# [Task details]
The entries below contain pictures. Write out only the lines from the line with "Scenic view of mountains against sky" up to and including the line with "ткань темно-серая 027", exactly, without them.

# [Raw data]
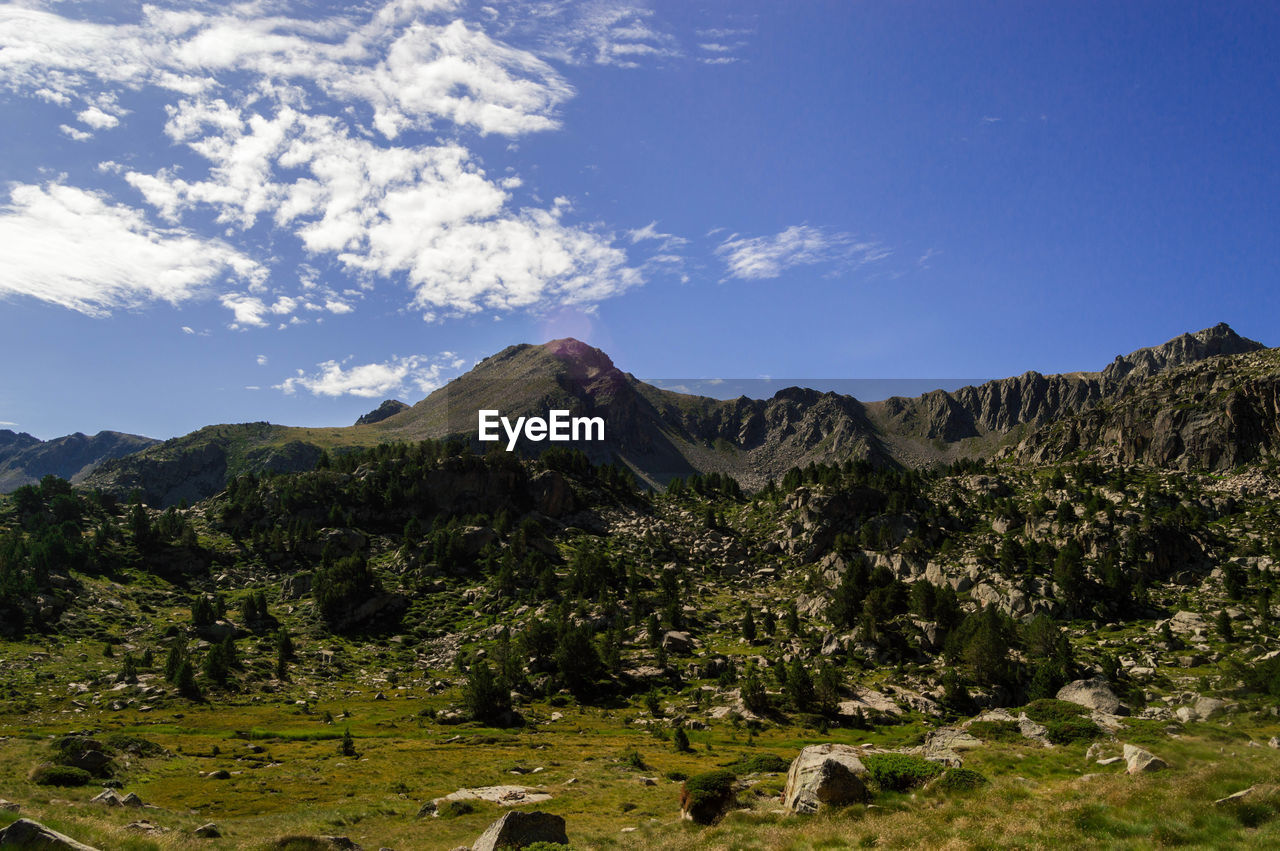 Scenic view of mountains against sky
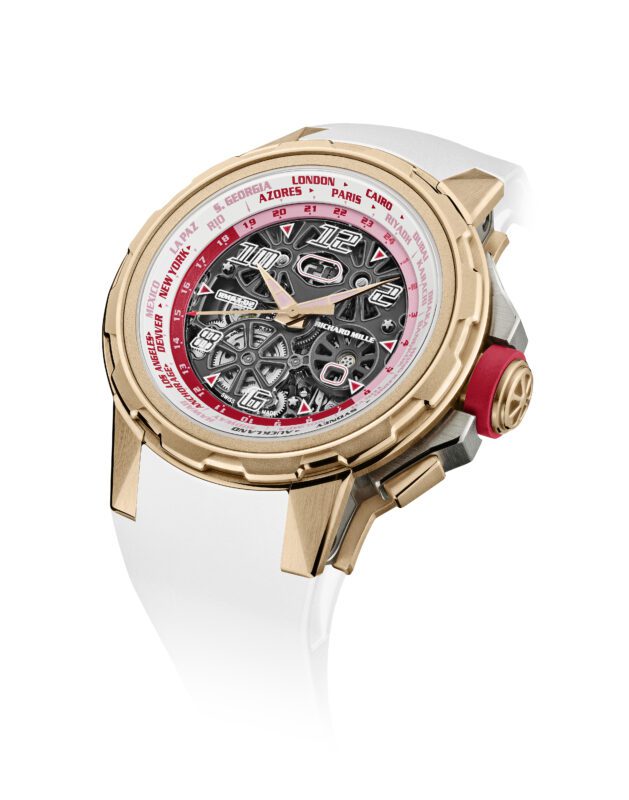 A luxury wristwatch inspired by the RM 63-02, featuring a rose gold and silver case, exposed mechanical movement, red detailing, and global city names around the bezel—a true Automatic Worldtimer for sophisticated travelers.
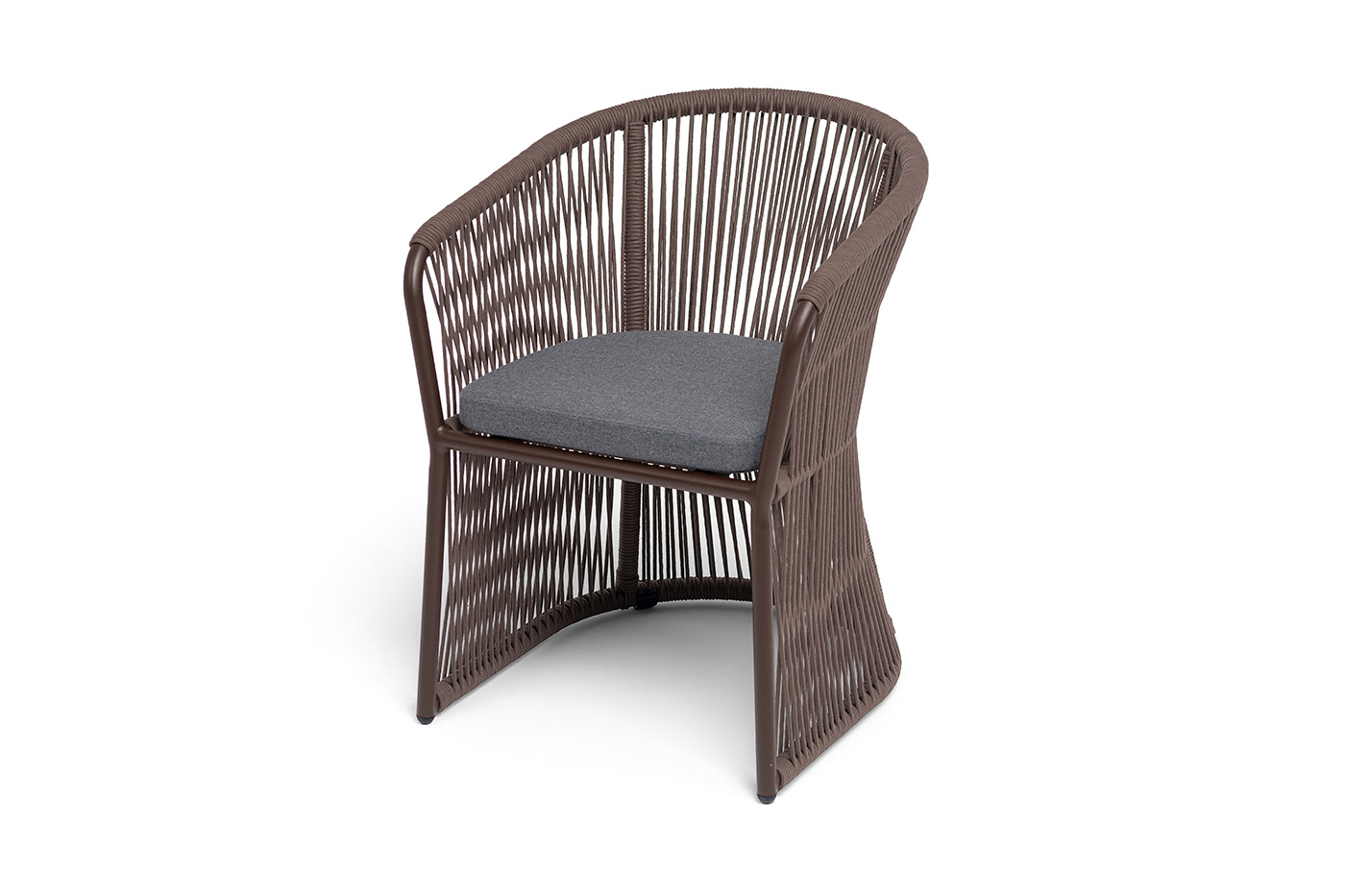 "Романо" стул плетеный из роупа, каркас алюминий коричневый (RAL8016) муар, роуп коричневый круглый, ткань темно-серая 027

...

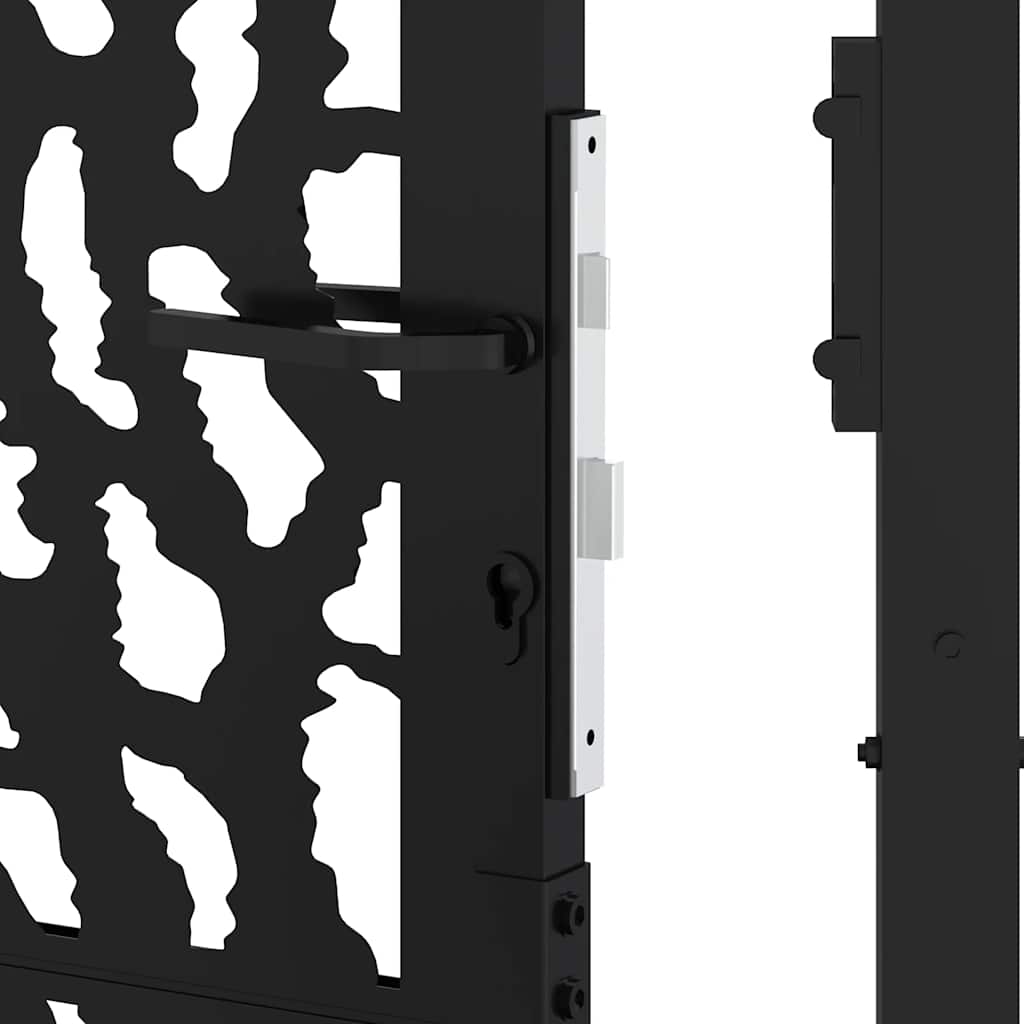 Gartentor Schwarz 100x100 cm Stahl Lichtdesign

---

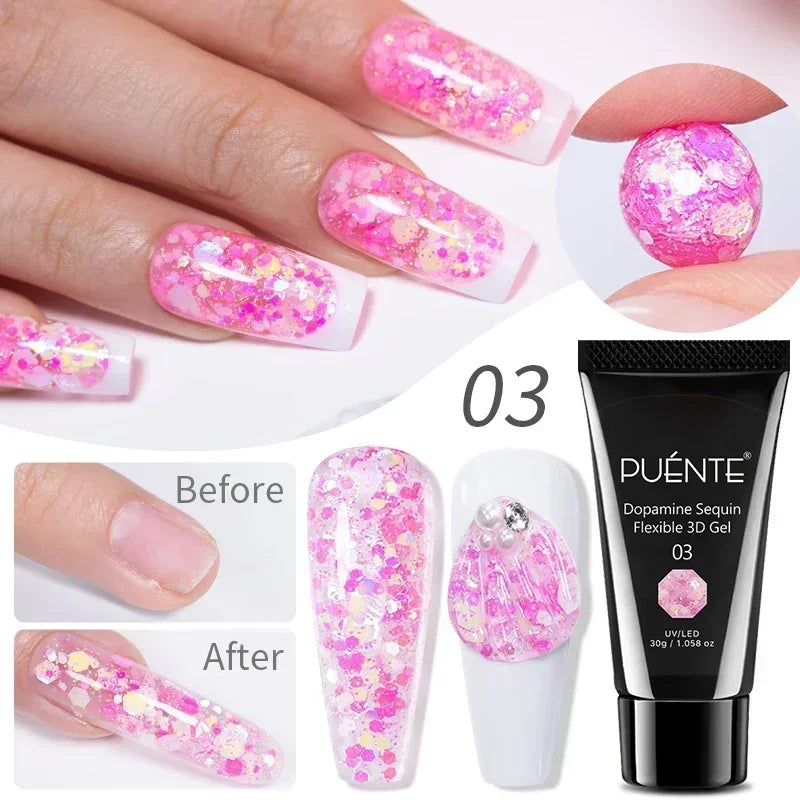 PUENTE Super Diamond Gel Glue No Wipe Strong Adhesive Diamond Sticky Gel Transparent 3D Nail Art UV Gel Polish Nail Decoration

# [Task output]
 Scenic view of mountains against sky
 A luxury wristwatch inspired by the RM 63-02, featuring a rose gold and silver case, exposed mechanical movement, red detailing, and global city names around the bezel—a true Automatic Worldtimer for sophisticated travelers.
 "Романо" стул плетеный из роупа, каркас алюминий коричневый (RAL8016) муар, роуп коричневый круглый, ткань темно-серая 027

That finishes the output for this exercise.